Sulle accuse di sequestro di persona, la Corte invece scrive: «La comunità non ha l'aspetto di un lager cinto da barriere invalicabili e inoltre vi è un continuo viavai di persone che varcano il cancello di ingresso». Capitolo diverso per le posizioni degli imputati Fucci e Belotti, condannati a quattro mesi per il sequestro di GianMarco Buonanno, figlio del procuratore capo di Brescia Tommaso ed ex ospite della struttura.

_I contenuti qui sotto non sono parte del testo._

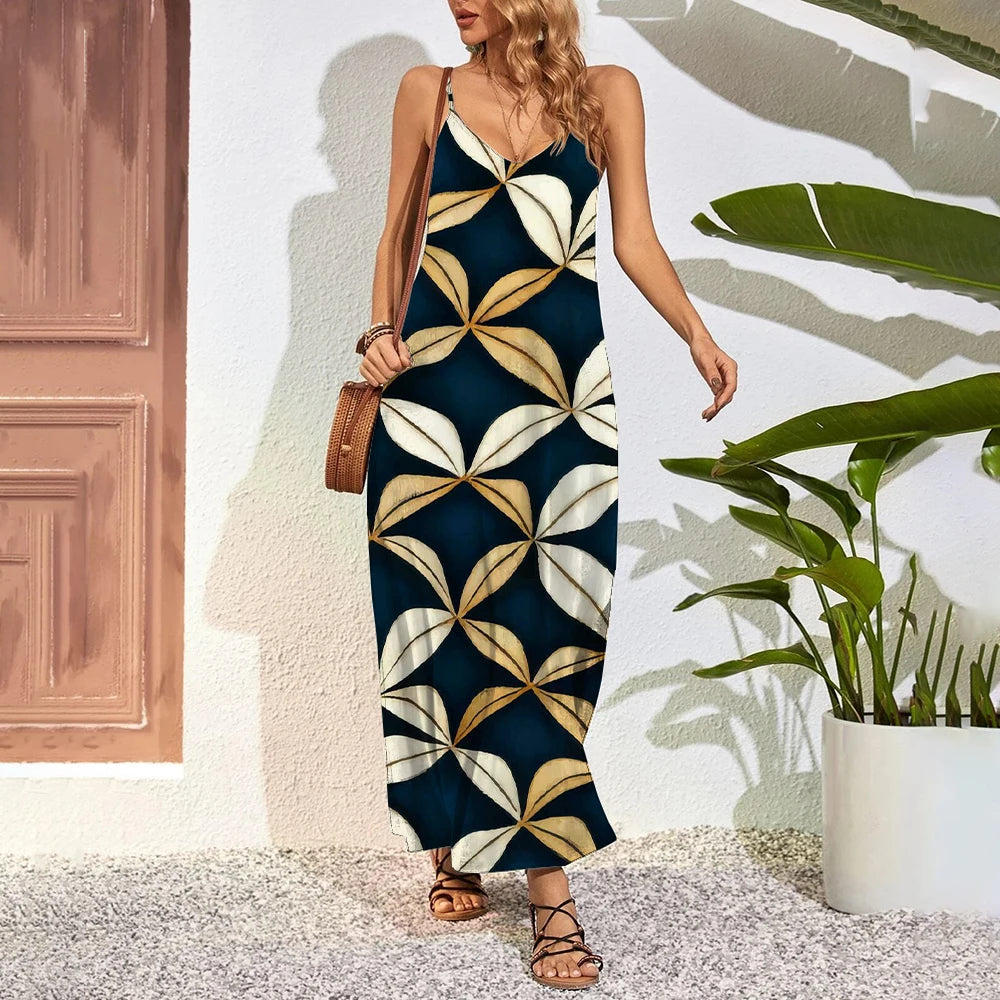 Plus Size Feather 3D Print Maxi Dress – Summer Party Swing Dress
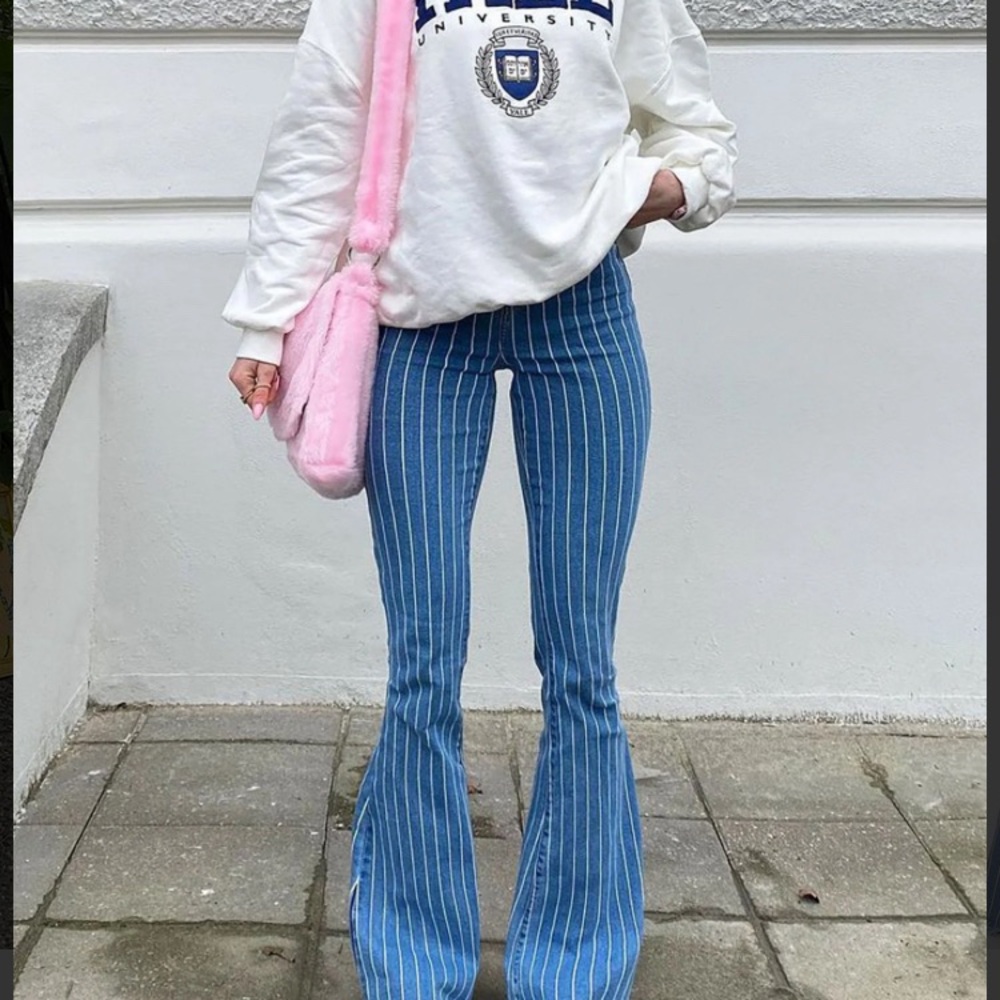 Long striped jeans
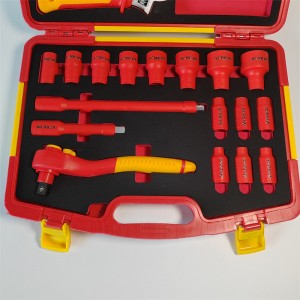 VDE 1000V Insulated Tool Set (25pcs Socket Wrench, Pliers, Screwdriver tool Set)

«Non può sfuggire - scrive la Corte - come l'ingresso di Buonanno in comunità abbia presentato evidenti anomalie: "un caso strano", come l'ha definito Suor Rosalina, tale da differenziarlo da tutti gli altri». Per i giudici «l'ingresso di Gianmarco Buonanno è avvenuto attraverso un espediente, una sorta di trappola escogitata per aggirare il suo dissenso. A fronte dell'inequivocabile rifiuto dell'interessato di intrattenersi all'interno della comunità, è stata perpetrata un'azione restrittiva illegale».
I giudici chiamano poi in causa il procuratore Tommaso Buonanno, indagato inizialmente per sequestro di persona nei confronti del figlio; accusa poi archiviata in fase di indagini preliminari. «Si è verificata una situazione paradossale, un vero e proprio inedito del sistema - scrivono i giudici - poiché il dottor Buonanno, portatore di un interesse processuale contrastante con quello coltivato dalla stessa procura, è diventato il titolare esclusivo dell'azione penale nel processo in cui egli aveva assunto la qualità di indagato rivestendo al contempo la posizione di teste e un ruolo gerarchico nei confronti del rappresentante della pubblica accusa in udienza».
Sull'episodio dell'ingresso in comunità del figlio secondo il tribunale: «Vi è stata una inspiegabile asimmetria tra la posizione processuale di suor Rosalina accusata di sequestro di persona e quella di altri soggetti, il dottor Tommaso Buonanno e lo psichiatra Tabaglio, che hanno recitato un ruolo non secondario».